I’m a guitarist too (well, kinda). During my first years in university, I hung around a net-pal’s blog and we talked about metal and stuff. At some point one of my best friends decided to buy a bass. After him, I thought of getting one myself but thankfully i changed to guitar. After two years (present day), I can’t say how good am I, I never took lessons or sat down to practice properly. But I can write a couple of riffs, can gallop pretty well (Jon Schaffer=GOD!!!)…

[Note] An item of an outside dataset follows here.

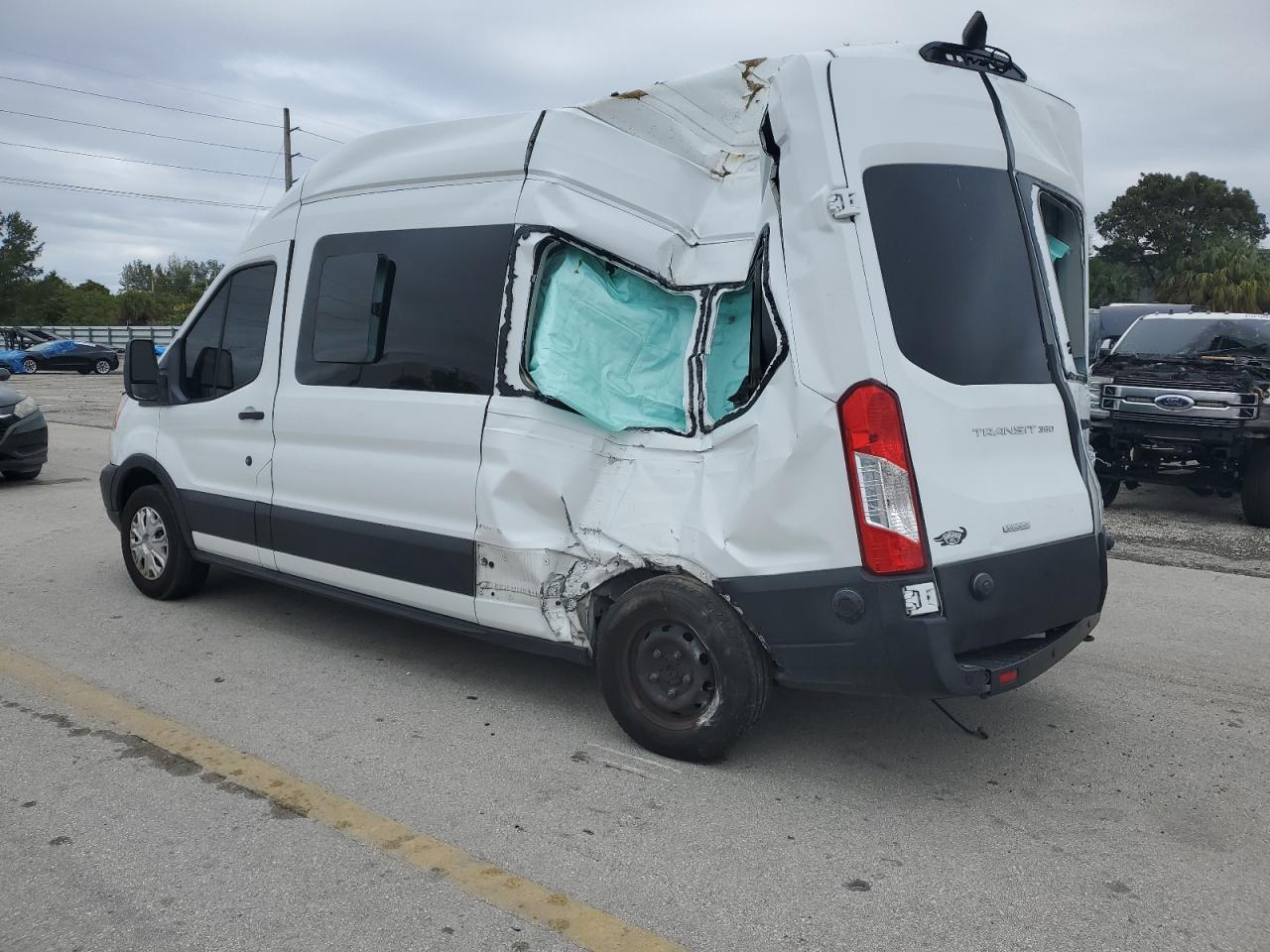 2019 Ford Transit - Image 2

If we like what we’re doing, there’s nothing stopping us.

\m/

Lauren
October 22, 2011 at 9:49 am

My interest in playing the guitar was sparked by my dad. He used to play the acoustic guitar a lot when he was younger, and was quite good. He has a beautiful Aria acoustic with a dark-stained back and shell inlays, made in the 1960s. I play that Aria myself, since I’m saving for an electric. In mid-2009 I learnt a few chords from an old ‘chord dictionary’. I then lost interest for the rest of that year because I wasn’t sure where to even begin when it came to learning guitar. Then I found Heartwood Guitar.com and Guitar Noise.com in 2010, and my learning experience got so much better after that. I even signed up for an email tutorial series written by a guitar virtuoso called Will Landrum. I discovered that the stuff in those tutorials was way beyond my level, but nonetheless they were interesting and inspiring :) There’s a great quote from Will Landrum that goes ”The only guitar player you should aim to be better than, is yesterday’s you.” That quote is one of my biggest inspirations to keep playing.

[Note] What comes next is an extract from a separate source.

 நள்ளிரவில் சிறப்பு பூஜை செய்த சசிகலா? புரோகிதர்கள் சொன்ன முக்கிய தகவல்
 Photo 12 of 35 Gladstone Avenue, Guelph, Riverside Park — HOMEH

I know a few guitarists who are very good (they play mostly rock and blues), but I don’t feel ready for a jam session yet haha. I’ve made some good progress so far, and I aim to make a lot more progress in the years to come.

steff
October 24, 2011 at 12:43 am

@Lauren – it sounds like you’ve made some amazing progress! Congrats! I love that quote – that applies to everything in life.